## WHAT YOU SHOULD DO
Using the listing below, print the line containing "Pink Bow Stanley Cupwrap", the line containing "Semi Tussar Saree", and each line between them, exactly and nothing else. Pictures stay out of the print.

Top of INPUT RECORDS

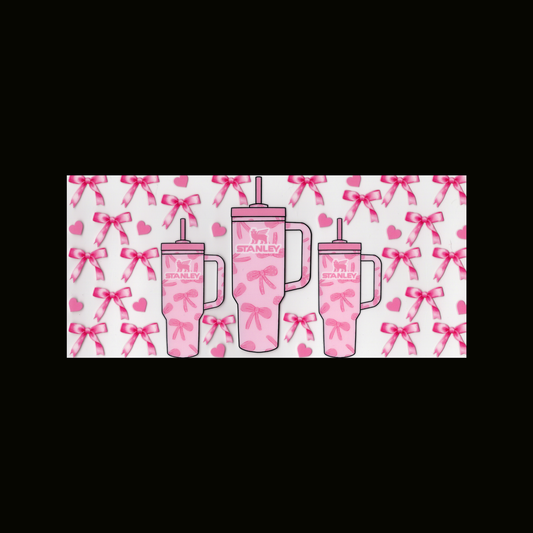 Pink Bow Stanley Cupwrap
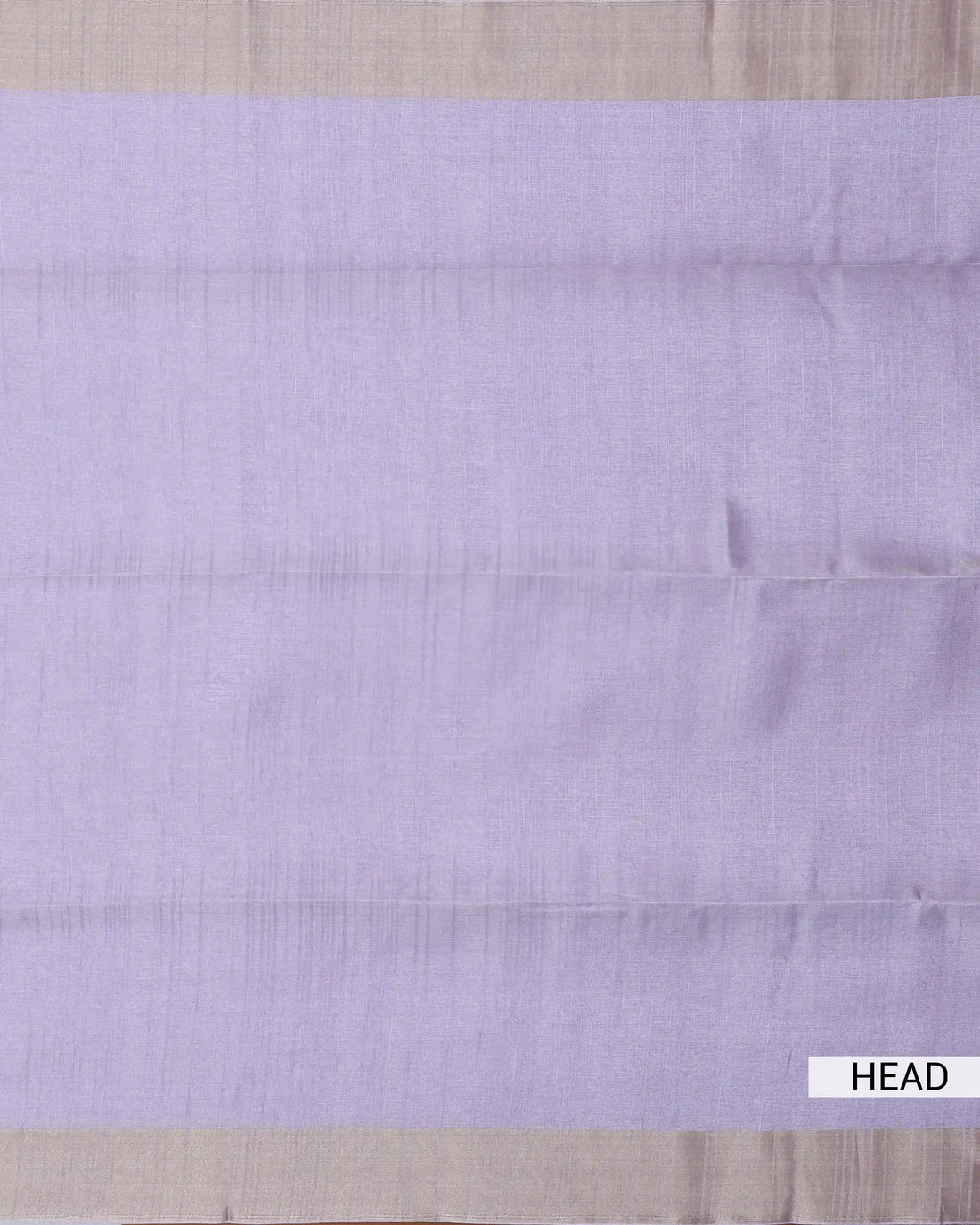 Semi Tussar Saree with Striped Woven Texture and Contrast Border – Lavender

Bottom of INPUT RECORDS
Top of INPUT RECORDS

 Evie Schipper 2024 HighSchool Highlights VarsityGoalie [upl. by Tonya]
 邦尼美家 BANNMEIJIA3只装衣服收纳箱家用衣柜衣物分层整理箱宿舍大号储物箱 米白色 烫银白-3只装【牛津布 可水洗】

Bottom of INPUT RECORDS

## TASK SOLUTION
 Pink Bow Stanley Cupwrap
 Semi Tussar Saree with Striped Woven Texture and Contrast Border – Lavender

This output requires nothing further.